No Records. No Ruins. Just Rumors: The Disappearance of Ulmer’s Castle
(CLAIR | Simi Valley, CA) — Every town has its legends — stories told quietly, repeated with doubt, then half-forgotten. Simi Valley has one that refuses to fade.
Once, there was a castle here.
Not a mansion dressed up with turrets, not a novelty built for show — but a real Bavarian-style stone fortress. Its walls were thick, its beams hand-cut. It was the work of a man who had fled a world at war and carried his memories, and perhaps his ghosts, across an ocean.

For nearly four decades, this unlikely landmark stood along Cochran Street, the main road that would one day cut through the center of Simi Valley. People drove past it daily — a quiet monument rising above a rural town in transition. It was photographed, written about, listed for sale more than once. Families lived there. Children were born inside its walls. And then, one day, it was gone.
No record of a sale.
No demolition notice.
Not a single mention in Ventura County’s building archives or heritage files.
The castle simply disappeared.
Today, its address — 4986 Cochran Street — shows nothing listed at that location. It looks like any other suburban parcel. Asphalt, sidewalks, trees that know nothing of the stones buried beneath them. The land has been graded, built upon, and folded into the smooth geometry of the modern city. But if you open Google Maps and zoom in close, a whisper appears:

“Historic Landmark — Site of Ulmer’s Castle.”
That label is not official. It isn’t recognized by the Ventura County Cultural Heritage Board, which keeps a meticulous list of the region’s landmarks. No mention of any “castle” appears in those public records. Yet the name persists, passed from one curious local to another, reappearing online like a rumor that refuses to die.
Who built it? What happened to it? Why was it erased so completely that it survives now only as a ghost on a digital map?
The answers begin, and perhaps end, with a man named Lt. John Tury Ulmer — a former Prussian officer who tried to recreate his homeland from memory, one stone at a time.

The Man Who Built It
Ulmer’s story reads like a novel that history misplaced. Born in Munich, he served as a Prussian officer during World War I. When the war ended, he fled Germany under uncertain circumstances — “escaping intelligence officers,” as a 1970 Simi Valley Enterprise article later put it. He and his wife, Mary, sailed to Argentina, a haven for many displaced Europeans in the 1920s.
There, Ulmer worked as a cabinetmaker, saving what little he could. By 1923, the couple had crossed again to New York.

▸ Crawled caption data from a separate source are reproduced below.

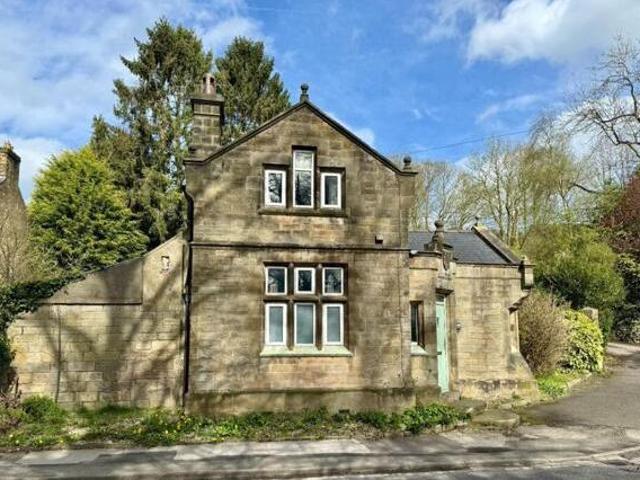 House for sale in Froggatt, East Midlands
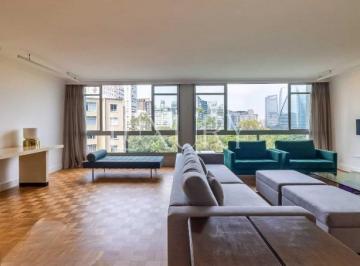1 · Apartamento com 200 m², 3 quartos sendo 2 suítes à venda no bairro Itaim Bibi.
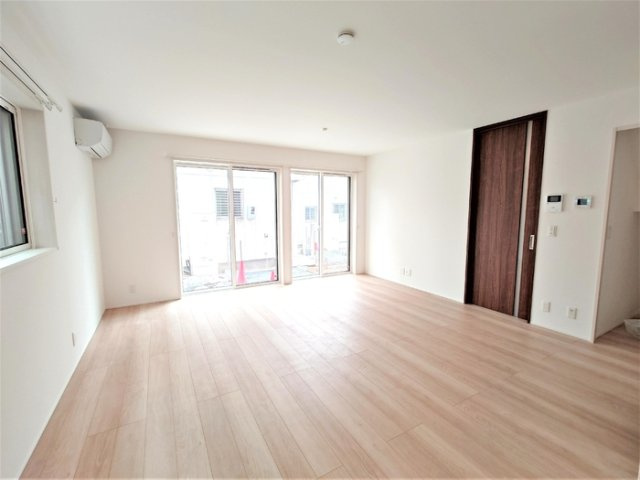 国立市谷保戸建　Aの居間・リビング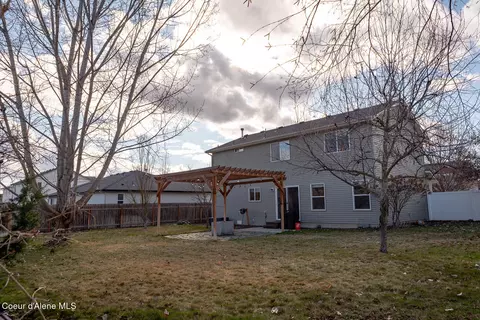 Exterior - 8464 N Boysenberry Loop, Hayden, ID 83835 photo 2 of 11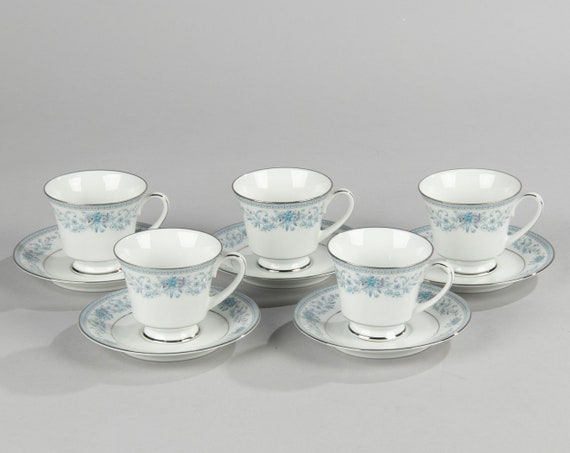 Set of 5 Tea Cups and Saucers - Noritake Blue Hill - Etsy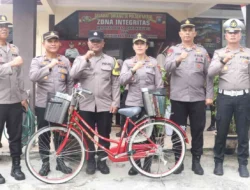 Kapolres Karimun Serahkan Kargo Baca, Perkuat Literasi Lewat Bhabinkamtibmas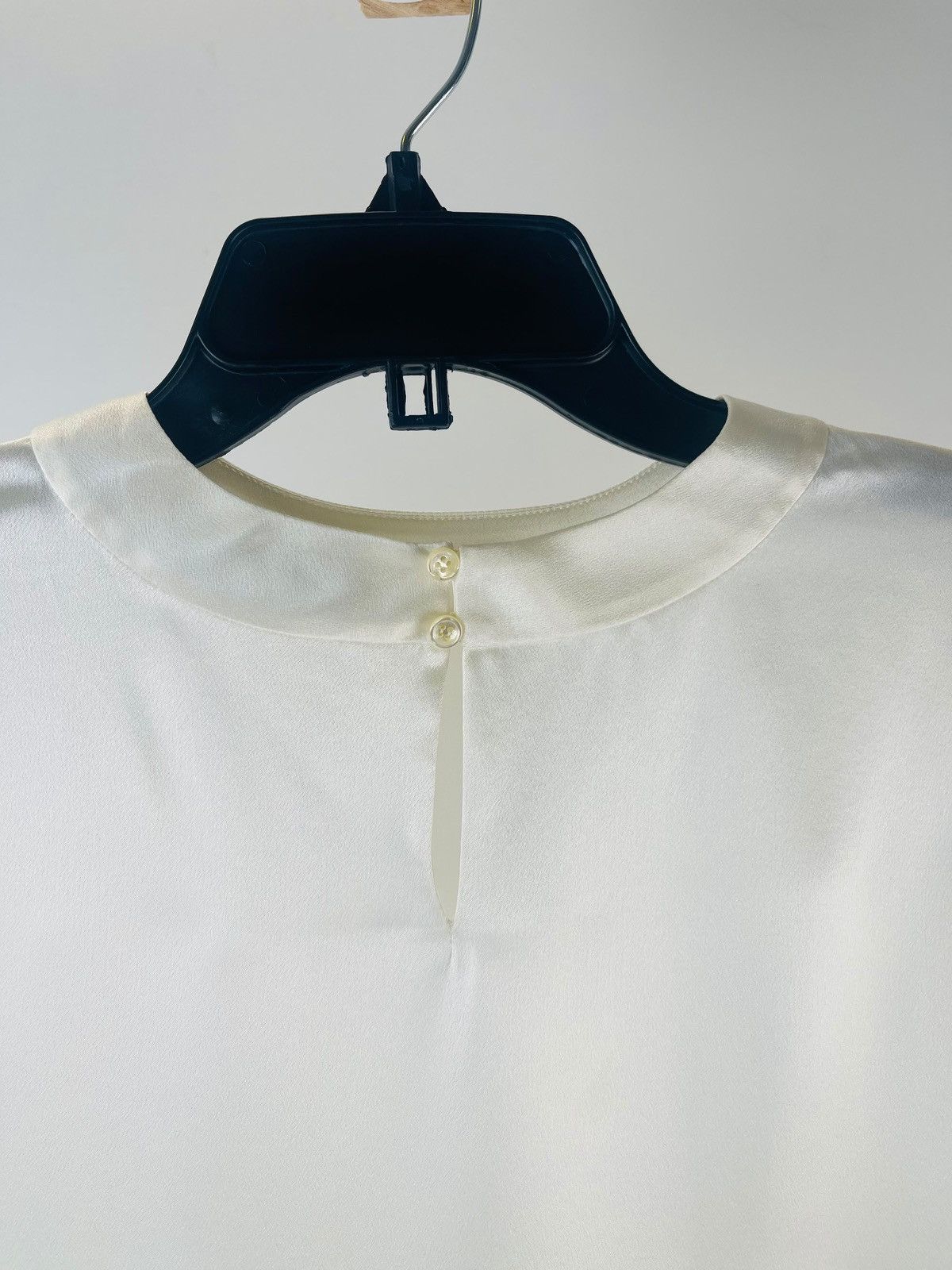 Saint Laurent Paris oc11z0126 771031 T Shirt in Silk satin in White Size US L / EU 52-54 / 3 - 8 Thumbnail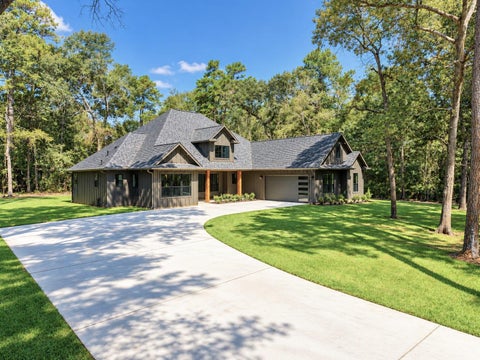 Photo of 11299 Blue Heron Drive, Plantersville, TX 77363 (MLS # 82176565)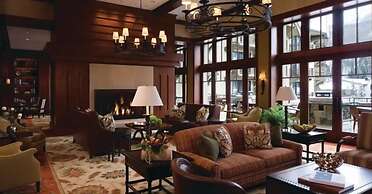 Luxury 3 Bedroom Residence at The Four Seasons in Vail Village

A few years later, while visiting California, a real estate salesman drove them north from Los Angeles into a valley of orchards and ranchland. The paper quoted them saying they “fell in love with the area.” They bought five acres of open land and decided to stay.
In 1939, Ulmer began his life’s work: building a quarter-scale replica of a Bavarian castle he loved back home. There were no crews, no blueprints — just stone, wood, and memory. The Enterprise would later write that he built it “stone by stone and beam by beam,” using his own hands to recreate the architecture of his childhood.
For decades, the Ulmers lived quietly in their handmade fortress. The trees Ulmer planted in the 1930s grew tall enough to frame the structure in shade. Their home became part of the valley’s landscape — strange, beautiful, and enduring.

The Castle in the News
When Lt. Ulmer died around 1969, Mary, then seventy-five, decided to sell the property. The Simi Valley Enterprise story of September 16, 1970, headlined “For Sale: One Bavarian Castle,” brought the home to public attention. Reporter Maida Ewing described it as an “authentic Bavarian castle,” standing on Cochran Street, “built stone by stone and beam by beam by her now-deceased husband.”
The article’s black-and-white photographs — later colorized and shown above — remain the only known images of the castle.
Realtor Wendell Irwin, a friend of the Ulmers, was overseeing the sale. He told the Enterprise that he was maintaining the property himself while several offers were being considered. “One is to turn it into a restaurant,” he said. “Another for an antique outlet, and a third for a sanitarium.”
Irwin added that part of the land to the east had already been sold to the Mormon Church, which broke ground that August on its new chapel — the same one that still stands today. He also noted that the property had drawn attention from “some hippy types,” who were interested in the building’s front section. “There are no facilities in that part of the castle,” he explained. “The rear of the castle is the residential portion.”
One local family, the Sotos, had lived there years earlier. “Her son, Manuel Jr., was born there June 26, 1938,” the article reported.
It was, by all accounts, a home full of stories — and one that still stood proudly in 1970.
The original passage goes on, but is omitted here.